- Task to carry out: Word for word, set down every line of the entries below from the line with "NEW Ohio State" to the line with "1 overview, 2", including both, and no other line.

- Extracted entries:
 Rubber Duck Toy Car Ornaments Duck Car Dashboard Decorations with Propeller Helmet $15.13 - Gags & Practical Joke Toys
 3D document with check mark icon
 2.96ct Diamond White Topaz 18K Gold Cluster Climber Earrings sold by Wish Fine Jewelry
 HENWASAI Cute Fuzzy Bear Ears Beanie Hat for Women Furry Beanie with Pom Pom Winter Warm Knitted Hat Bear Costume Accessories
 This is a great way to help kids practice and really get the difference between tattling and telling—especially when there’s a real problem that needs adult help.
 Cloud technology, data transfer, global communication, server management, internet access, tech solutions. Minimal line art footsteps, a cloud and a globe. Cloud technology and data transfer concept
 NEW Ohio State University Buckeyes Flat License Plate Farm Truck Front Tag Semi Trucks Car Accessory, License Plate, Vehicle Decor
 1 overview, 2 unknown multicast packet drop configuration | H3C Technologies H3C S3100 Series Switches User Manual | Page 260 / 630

---

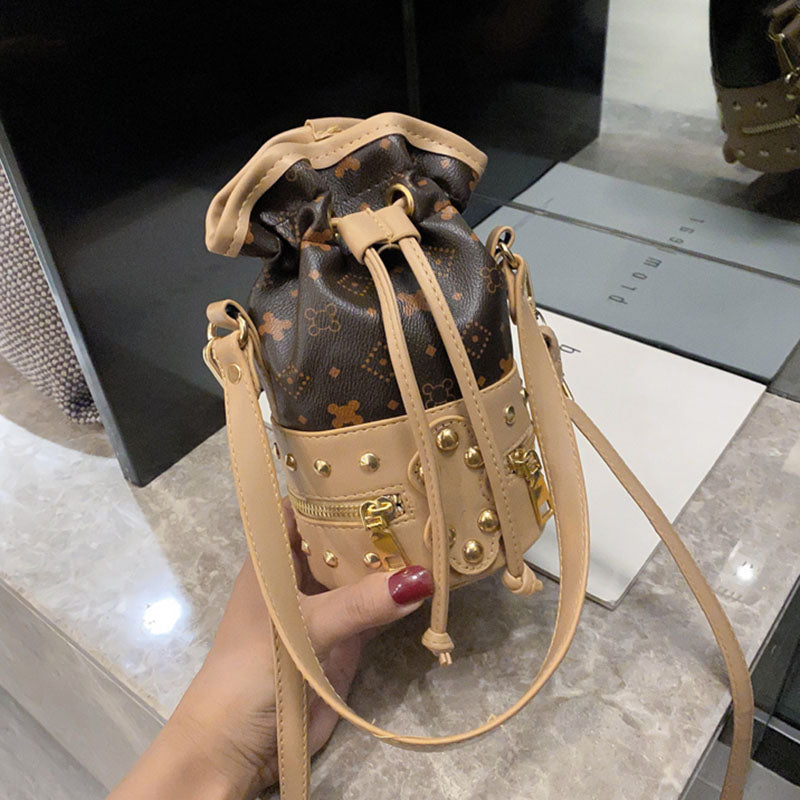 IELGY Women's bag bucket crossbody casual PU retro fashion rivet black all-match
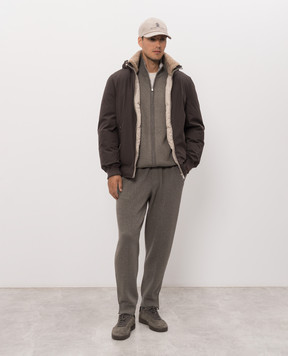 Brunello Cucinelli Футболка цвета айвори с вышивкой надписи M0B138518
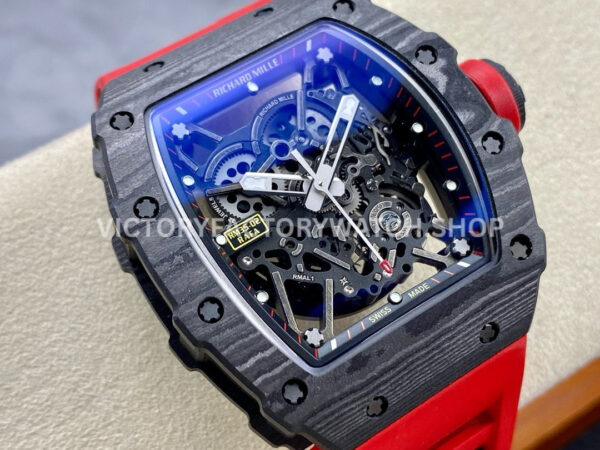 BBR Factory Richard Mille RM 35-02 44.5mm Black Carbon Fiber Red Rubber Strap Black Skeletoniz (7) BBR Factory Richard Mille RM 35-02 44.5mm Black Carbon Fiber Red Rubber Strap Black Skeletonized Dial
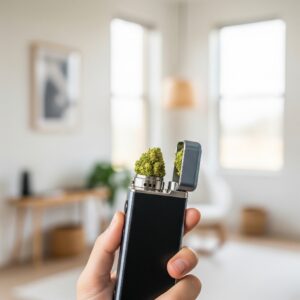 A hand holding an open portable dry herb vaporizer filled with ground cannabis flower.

- Solved exercise:
 NEW Ohio State University Buckeyes Flat License Plate Farm Truck Front Tag Semi Trucks Car Accessory, License Plate, Vehicle Decor
 1 overview, 2 unknown multicast packet drop configuration | H3C Technologies H3C S3100 Series Switches User Manual | Page 260 / 630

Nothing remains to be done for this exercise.